Project description:Purpose: We aimed to determine whether the expression of either wild-type or catalytically inactive LSH, carrying a single point mutation in its ATP binding site (K237Q), could restore the levels and patterns of DNA methylation in Lsh-/- mouse embryonic fibroblasts (MEFs). Methods: Lsh-/- MEFs were transduced with lentiviral particles carrying empty pMSCV vector, pMSCV-LSH-3xFLAG and pMSCV-LSH K/Q-3xFLAG, respectively. Clonal cell lines were generated and tested for LSH expression. Two independent cell lines expressing wild-type LSH and two expressing LSH K/Q were used for further analyses and comparison with wild-type MEFs and Lsh-/- MEFs carrying the empty vector. Genomic DNA was purified from all six cell lines and methylated DNA immunoprecipitation (MeDIP) was performed as described in Weber et al., 2007, Nat Genetics.
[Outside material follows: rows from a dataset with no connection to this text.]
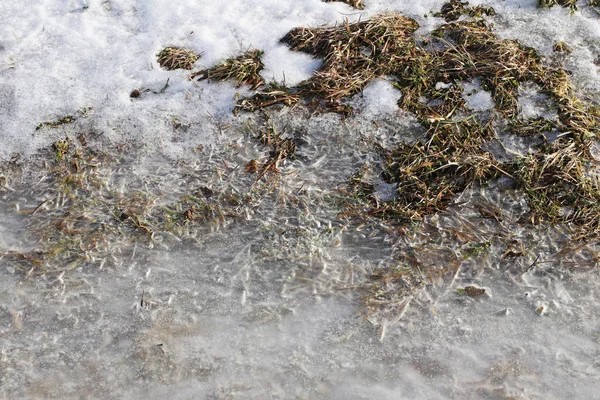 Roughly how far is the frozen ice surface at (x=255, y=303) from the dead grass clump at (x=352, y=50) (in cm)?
16

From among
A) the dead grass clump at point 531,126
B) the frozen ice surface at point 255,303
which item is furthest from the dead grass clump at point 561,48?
the dead grass clump at point 531,126

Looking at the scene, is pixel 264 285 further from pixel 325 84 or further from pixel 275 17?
pixel 275 17

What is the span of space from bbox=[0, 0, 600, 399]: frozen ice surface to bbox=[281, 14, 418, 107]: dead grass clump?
159 millimetres

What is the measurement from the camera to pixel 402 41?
14.6 feet

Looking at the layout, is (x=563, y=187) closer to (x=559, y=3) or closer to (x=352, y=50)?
(x=352, y=50)

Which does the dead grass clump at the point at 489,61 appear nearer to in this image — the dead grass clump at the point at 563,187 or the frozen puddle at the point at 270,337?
the dead grass clump at the point at 563,187

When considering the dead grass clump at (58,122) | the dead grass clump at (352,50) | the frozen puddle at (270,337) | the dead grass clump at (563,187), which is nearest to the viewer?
the frozen puddle at (270,337)

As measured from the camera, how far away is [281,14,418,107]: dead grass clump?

MeDIP libraries were generated and sequenced on Illumina HiSeq 2000 instrument. Results and conclusions: Our experiments demonstrate that the expression of wild-type LSH, but not the catalytically inactive LSH K/Q, in Lsh-/- MEFs leads to reestablishment of DNA methylation at repetitive sequences and unique developmentally regulated loci in a cell-autonomous manner. Analyses of DNA methylation upon expression of either wild-type or catalytically-inactive LSH in Lsh-/- mouse embryonic fibroblasts.